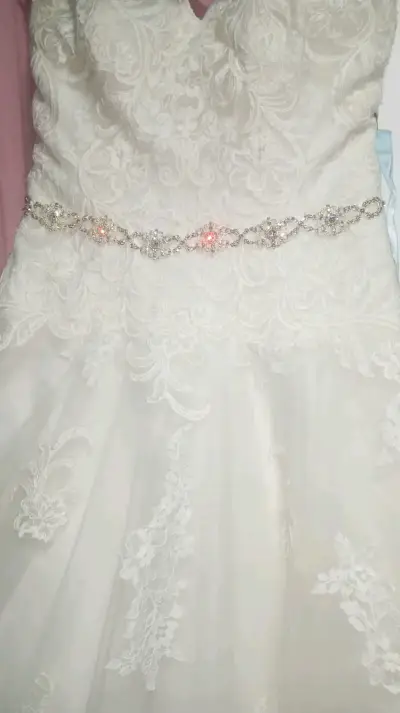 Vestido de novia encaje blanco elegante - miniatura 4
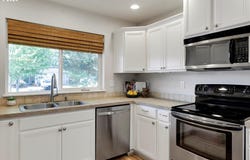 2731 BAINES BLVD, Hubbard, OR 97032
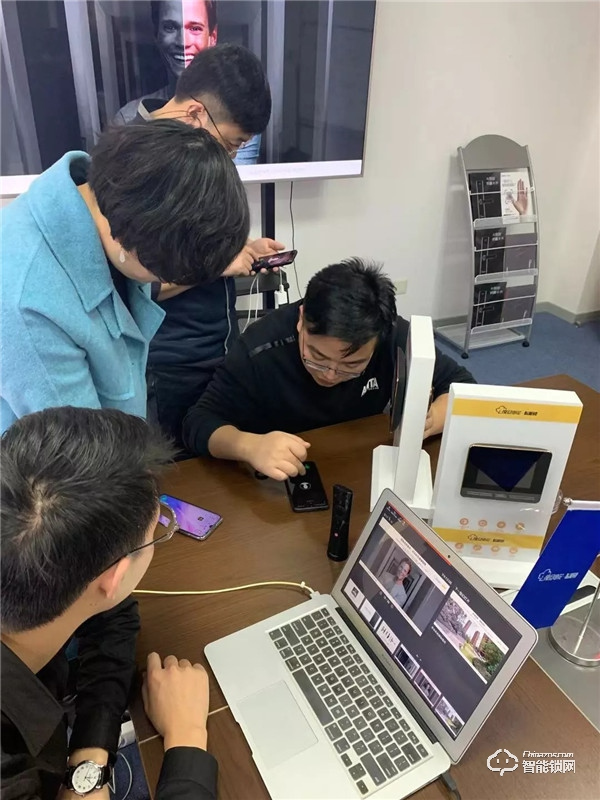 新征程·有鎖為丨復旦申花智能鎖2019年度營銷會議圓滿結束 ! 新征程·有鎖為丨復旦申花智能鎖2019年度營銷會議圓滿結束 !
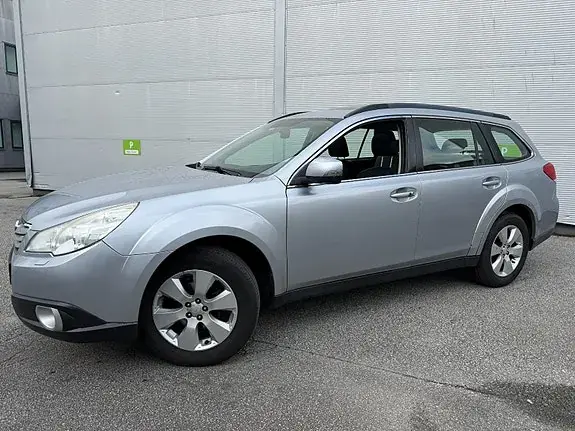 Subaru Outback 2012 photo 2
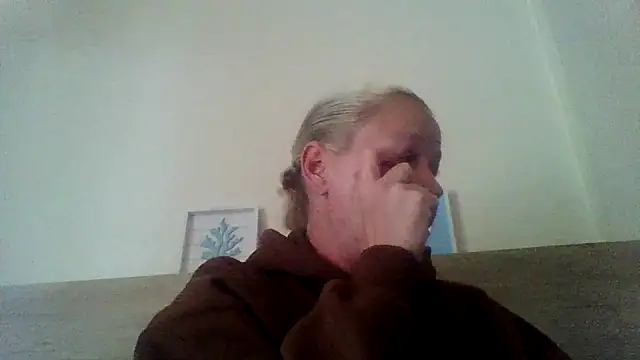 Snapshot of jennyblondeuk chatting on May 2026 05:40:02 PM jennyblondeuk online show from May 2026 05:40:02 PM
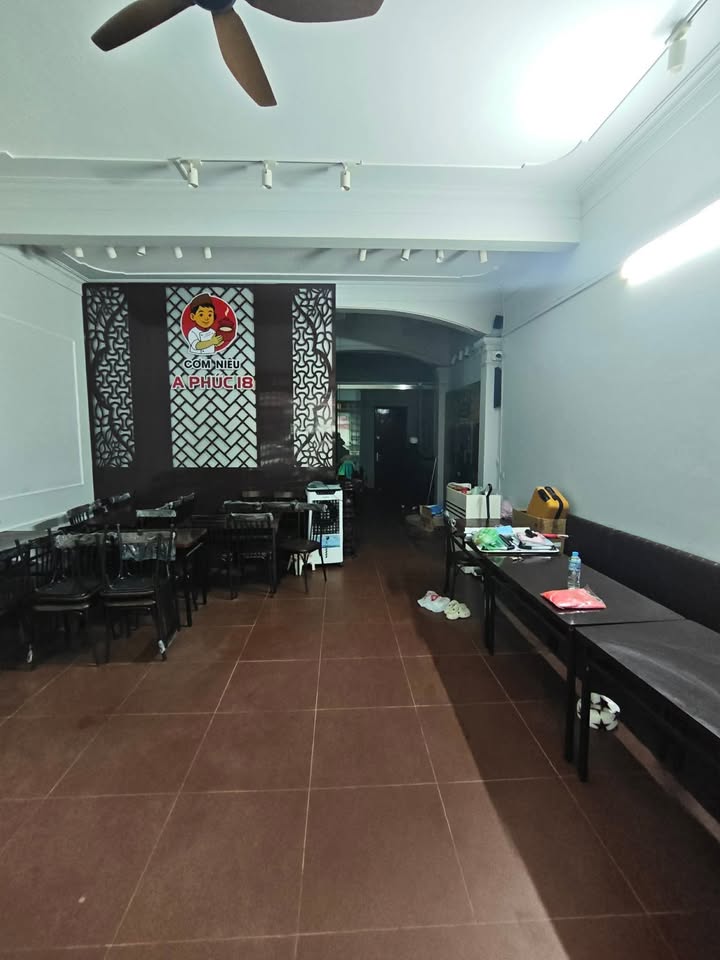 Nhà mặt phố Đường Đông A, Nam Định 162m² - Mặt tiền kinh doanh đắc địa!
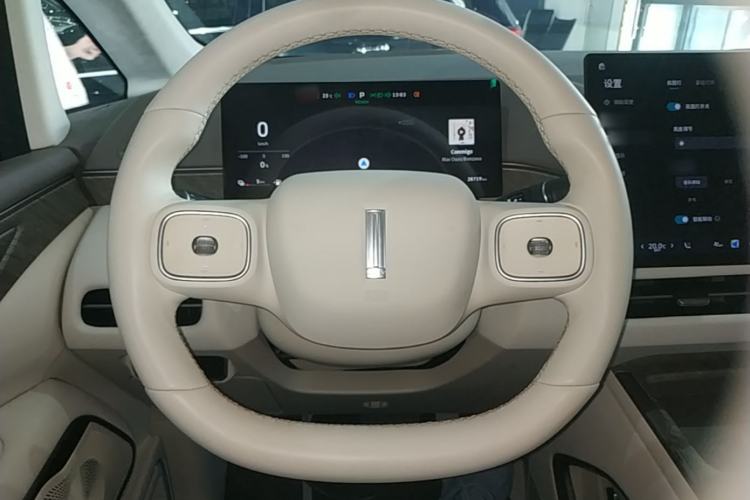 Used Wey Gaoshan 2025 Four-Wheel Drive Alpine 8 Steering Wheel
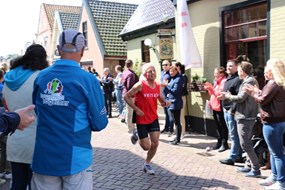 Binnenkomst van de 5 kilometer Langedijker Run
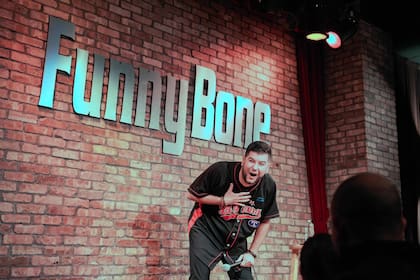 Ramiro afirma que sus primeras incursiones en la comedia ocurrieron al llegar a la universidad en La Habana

....

TASK DIRECTIONS:
Leave out the pictures and repeat exactly the lines from the first line of the data through the line containing "Binnenkomst van de". Add nothing else.

EXPECTED ANSWER:
 Vestido de novia encaje blanco elegante - miniatura 4
 2731 BAINES BLVD, Hubbard, OR 97032
 新征程·有鎖為丨復旦申花智能鎖2019年度營銷會議圓滿結束 ! 新征程·有鎖為丨復旦申花智能鎖2019年度營銷會議圓滿結束 !
 Subaru Outback 2012 photo 2
 Snapshot of jennyblondeuk chatting on May 2026 05:40:02 PM jennyblondeuk online show from May 2026 05:40:02 PM
 Nhà mặt phố Đường Đông A, Nam Định 162m² - Mặt tiền kinh doanh đắc địa!
 Used Wey Gaoshan 2025 Four-Wheel Drive Alpine 8 Steering Wheel
 Binnenkomst van de 5 kilometer Langedijker Run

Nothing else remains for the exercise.